Torrential downpours like those experienced across much of the island this week may be much needed to fill our dams and aquifers, but can cause havoc on the roads.
There are, however, some strategies that can help motorists to stay safe in heavy rain.
Firstly, remember that heavy rain will affect your visibility, so take it slowly. The Highway Code states that the braking distance between you and the vehicle in front of you should be at least two seconds when driving on a dry road, and at least four seconds in the wet – it is even longer on icy surfaces.
British road safety charity IAM RoadSmart (formerly called the Institute of Advanced Motorists or IAM) recommends up to 10 times the braking distance when driving on ice – worth bearing in mind if you motor up to Troodos in the winter.
Your windscreen should be clean, the wipers effective and the jets positioned correctly and aimed at the screen. It is sensible to clean the windscreen, make any necessary adjustments and remove anything from the main area before you start your journey.
A particularly good rule of thumb is that if you need windscreen wipers, then you need your headlights, something that is still not practised by an awful lot of drivers in Cyprus. A lot of cars now have automatic light settings, but these will not always activate in bad weather conditions, so it is up to you to make a sensible decision as to whether these need to be turned on.
As the old saying goes, “better to have them and not need them than to need them and not have them” – if in doubt, light up!
If there is water standing in puddles on the road surface, your car is at risk of aquaplaning. This happens when a wedge of water forms in front of the tyre and lifts it up off the road surface. This is caused by the tread not being able to displace the amount of water present.
To recover from aquaplaning, ease gently off your accelerator, have a firm grip of the steering wheel and be sure not to make any sudden steering actions. The car will eventually regain its grip as the water clears.
If roads are flooded, first ask yourself – can I take another route? If not, then you need to identify how deep the flood is. If the standing water is more than six inches deep, avoid driving through it. If you are familiar with the road, you can judge the flood in relation to the kerb.
If heavy rain was not the cause of the flood, then what was? And what impact on the road does it have? For example, if it is a burst water main, the standing water may look like a normal flood but the road surface beneath the water may be completely broken up. If you are unsure how the flood has formed, then avoid it altogether.

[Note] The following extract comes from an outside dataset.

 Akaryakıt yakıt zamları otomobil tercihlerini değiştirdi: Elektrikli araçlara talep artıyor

Are there other vehicles similar to yours that are safely driving through? From this, make a judgement call as to whether it is safe to travel through or not.
If the water is fast flowing, do not attempt to drive through it, as there is a real danger of your car being swept off the road.

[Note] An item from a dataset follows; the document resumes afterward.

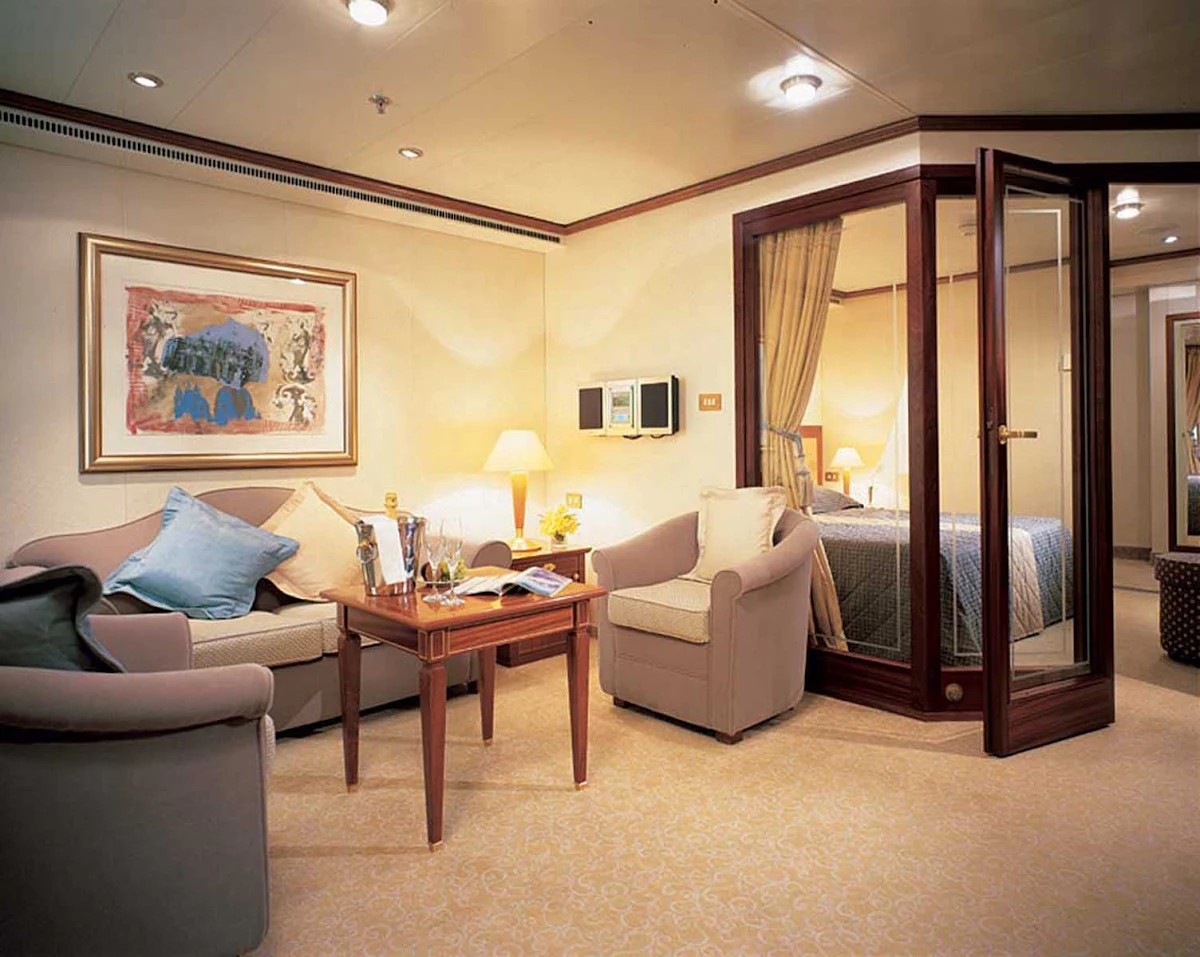 Medallion_Suite_Silversea - Five hundred square feet of luxury will surround you in the Medallion Suite aboard Silver Shadow.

If you have taken everything into consideration and decide to drive through the flood, be sure to do so slowly. The best approach is to press lightly on your clutch and add gentle pressure on your accelerator to increase your engine revs. Do so without increasing your speed, in a similar way to how you would undertake a hill start. This will prevent water from entering your exhaust.
If you are in an automatic car, accelerate slightly but control the speed with your brakes. When you have passed the flood, test your brakes to make sure they are dry and working properly.
If you are in the slightest doubt, then turn around and don’t go through the flood.
Often modern saloon cars have the air intake in the wheel arch, which may be below the water level. If your engine should take in water, it will immediately hydro lock and the engine will stop.
Remember to stay alert and avoid splashing pedestrians. In the UK, if this is done accidentally – even when causing splashes when driving through puddles at the side of the road – you could receive a fixed penalty and three points on your license for driving without due care and attention or without reasonable consideration for other road users.
If deliberately done, it could be a public order offence, a court appearance and a fine.
Richard Gladman, head of driving and riding standards at IAM RoadSmart, says: “Keeping your car maintained and the rubber (wipers and tyres) in good condition will help you stay safe.
In the recent extremes, we have seen that standing water and floods are becoming more commonplace, so take extra care and if possible, avoid driving through standing water. If you’re in any doubt about the depth or surface underneath a flood, then it’s best not to take any chances.”